— Work order —
Leave out the pictures and return every entry exactly as it appears.

#####

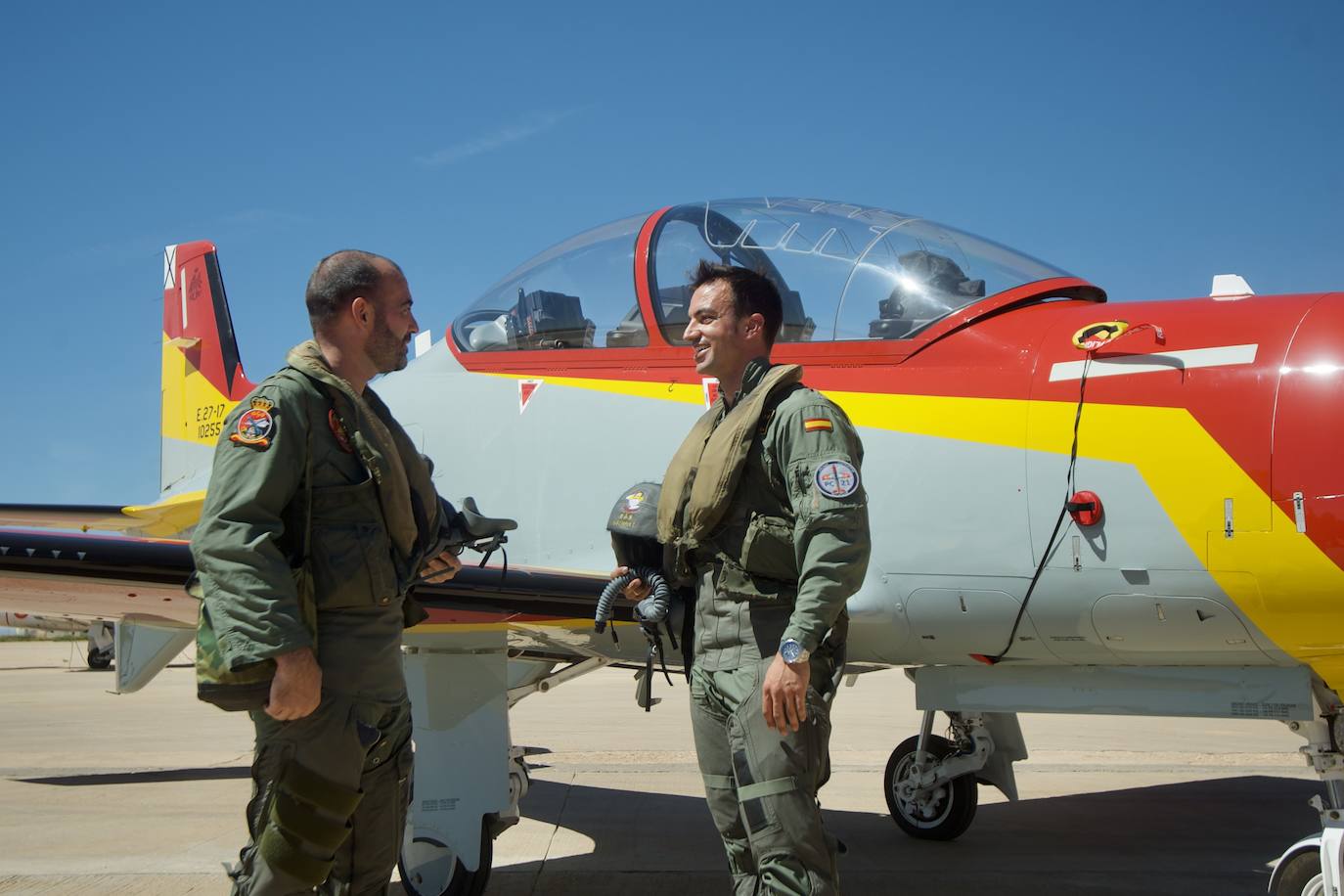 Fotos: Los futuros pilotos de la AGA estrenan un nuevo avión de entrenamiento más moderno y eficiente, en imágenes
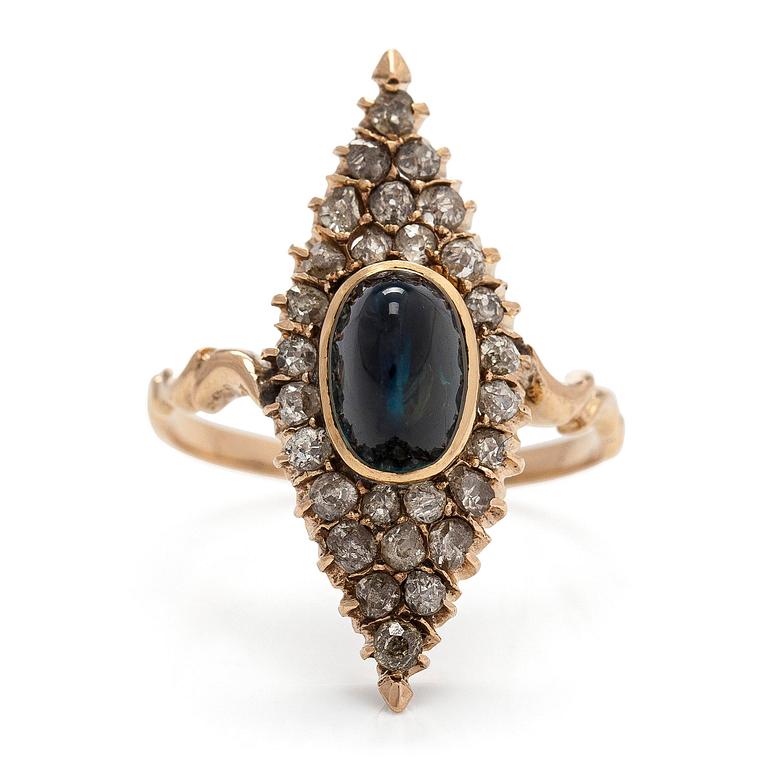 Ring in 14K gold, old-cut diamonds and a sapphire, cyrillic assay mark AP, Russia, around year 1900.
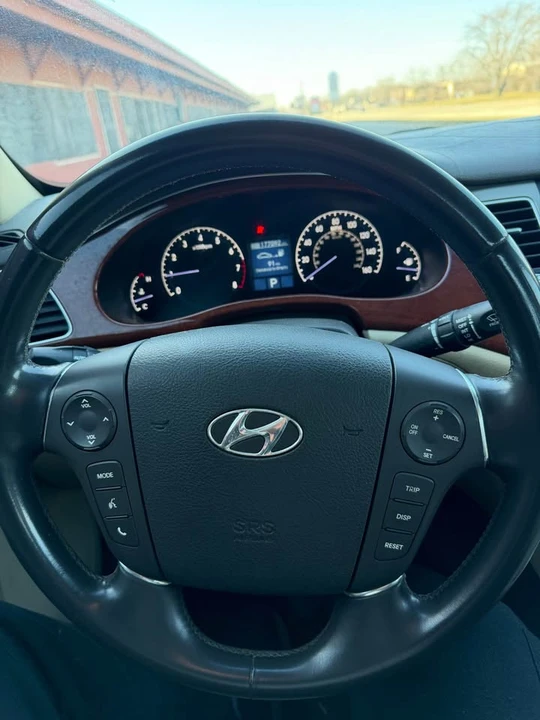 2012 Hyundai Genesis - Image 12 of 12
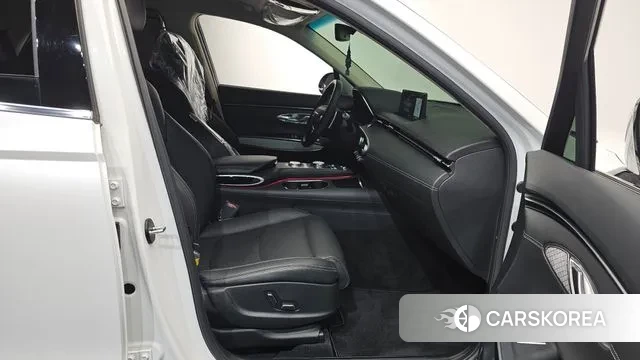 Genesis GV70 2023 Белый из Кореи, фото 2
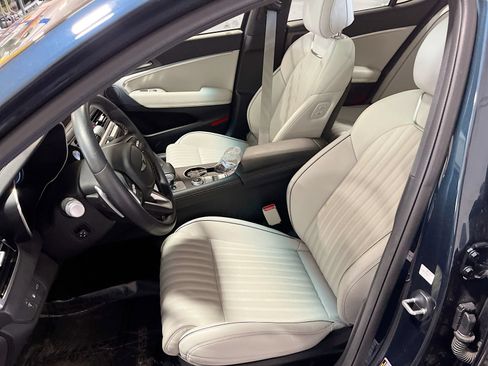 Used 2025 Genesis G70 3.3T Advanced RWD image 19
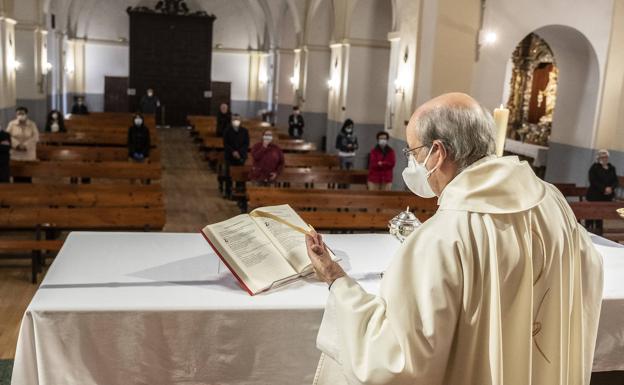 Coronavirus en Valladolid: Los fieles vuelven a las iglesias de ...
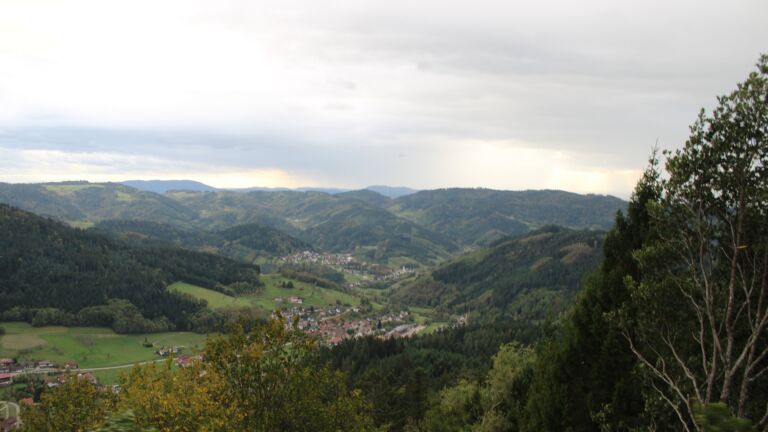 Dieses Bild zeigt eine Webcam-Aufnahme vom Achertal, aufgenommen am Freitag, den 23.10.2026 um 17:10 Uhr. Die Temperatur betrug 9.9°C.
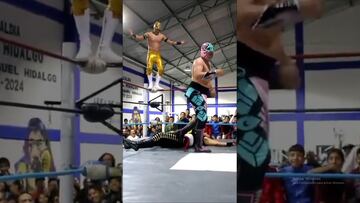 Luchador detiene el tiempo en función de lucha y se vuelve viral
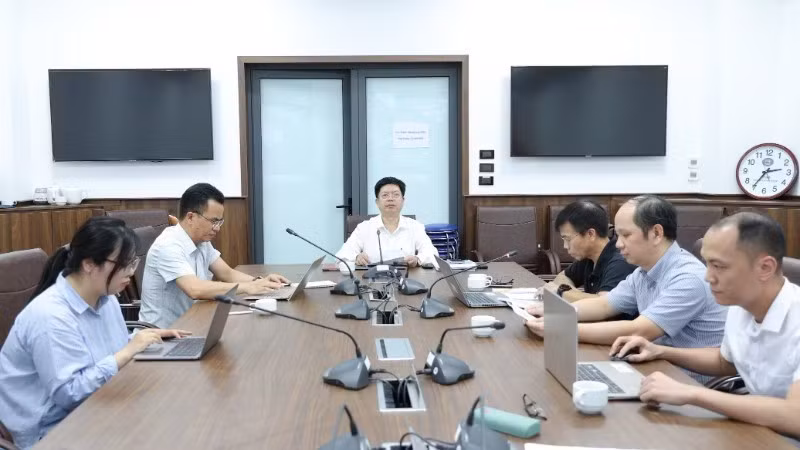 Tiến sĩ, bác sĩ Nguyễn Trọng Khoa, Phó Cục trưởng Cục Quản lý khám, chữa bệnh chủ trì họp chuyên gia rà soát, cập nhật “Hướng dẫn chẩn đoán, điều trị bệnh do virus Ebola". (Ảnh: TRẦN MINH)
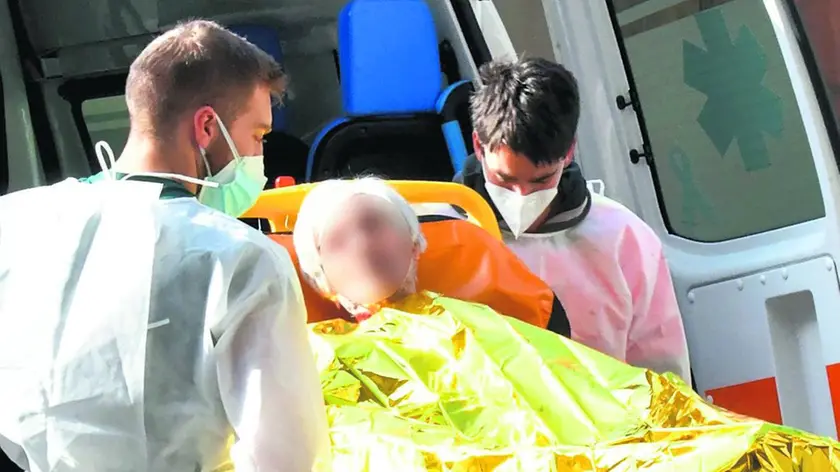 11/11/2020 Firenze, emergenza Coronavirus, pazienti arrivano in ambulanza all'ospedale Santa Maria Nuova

#####

— Solution to this problem —
 Fotos: Los futuros pilotos de la AGA estrenan un nuevo avión de entrenamiento más moderno y eficiente, en imágenes
 Ring in 14K gold, old-cut diamonds and a sapphire, cyrillic assay mark AP, Russia, around year 1900.
 2012 Hyundai Genesis - Image 12 of 12
 Genesis GV70 2023 Белый из Кореи, фото 2
 Used 2025 Genesis G70 3.3T Advanced RWD image 19
 Coronavirus en Valladolid: Los fieles vuelven a las iglesias de ...
 Dieses Bild zeigt eine Webcam-Aufnahme vom Achertal, aufgenommen am Freitag, den 23.10.2026 um 17:10 Uhr. Die Temperatur betrug 9.9°C.
 Luchador detiene el tiempo en función de lucha y se vuelve viral
 Tiến sĩ, bác sĩ Nguyễn Trọng Khoa, Phó Cục trưởng Cục Quản lý khám, chữa bệnh chủ trì họp chuyên gia rà soát, cập nhật “Hướng dẫn chẩn đoán, điều trị bệnh do virus Ebola". (Ảnh: TRẦN MINH)
 11/11/2020 Firenze, emergenza Coronavirus, pazienti arrivano in ambulanza all'ospedale Santa Maria Nuova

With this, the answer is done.